A new study tears down the assumption that CO₂ is the driver of climate change.

Pull out the causal role of CO2 and the climate Jenga tower collapses. The Good Oil. Photoshop by Lushington Brady.

The foundational tenet of climate alarmism is that atmospheric carbon dioxide directly drives climate change. It is true that, in a simple relationship, roughly doubling the concentration of CO₂ in the atmosphere leads to a one degree Celsius rise in temperature.

The problem, though, is that the real world is anything but simple. The Earth is not a sealed bell jar with just a mix of gases. That the relationship between atmospheric CO₂ and temperature is absolutely not a simple one, consider, for instance, that the Earth experienced extensive continental glaciation at a time when atmospheric CO₂ levels were 14–16 times higher than today.

More importantly, for most of the Earth’s history, atmospheric CO₂ levels plainly did not drive temperature. In fact, the correlation is the other way around.

That is: temperatures rose centuries before atmospheric CO₂ levels.

A particular substance in the chemical synthesis of the atmosphere that has been regarded as an essential climate driver is CO2. It has been generally thought that it is a strong greenhouse gas and its concentration in the atmosphere determines temperature. In the last decades, the observed atmospheric [CO2] increase was presented as the cause of the (also observed) temperature rise. In addition, the [CO2] increase in the last century was blamed on human actions, namely the burning of fossil fuels. According to this narrative, which is simplistic and negligent of the huge complexity of the climatic system, humans emit CO2 by burning fossil fuels, and the emissions accumulate into the atmosphere and increase the greenhouse effect causing increase in temperature. However, it is healthy to question whether these premises and the narrative are valid.

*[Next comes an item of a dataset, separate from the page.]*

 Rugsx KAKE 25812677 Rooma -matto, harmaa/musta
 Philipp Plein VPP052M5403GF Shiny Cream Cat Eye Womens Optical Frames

Here’s where we hit the troublesome questions for the climate narrative. Firstly, is CO₂ a driver of climate change, or an internal variable of the climate system? Does a trace gas in the atmosphere even have a decisive role in climate? With the biosphere responsible for 96 per cent of emissions, is the four per cent from human activity, of a gas making up 0.04 per cent of the atmosphere, the total and decisive cause of recent climate change?

Most importantly, does CO₂ drive temperature, or vice versa? This is an absolutely crucial question: if it’s the latter, then the entire rationale for ‘Net Zero’ collapses.

The consistent stochastic methodology for causality identification further developed in this study, as opposite to inconsistent deterministic methods, clearly supports a single conclusion: While there is a close relationship between temperature and atmospheric carbon dioxide concertation, it is temperature that leads, while [CO2] lags. That is, the causality direction is T->CO₂ and not the opposite, as emphatically promoted in the last decades. This is the case not only in the distant past and on large time scales, but also in the recent period covered by reliable instrumental records. This happens not only at the monthly or annual time scale, but also at the decadal time scale […]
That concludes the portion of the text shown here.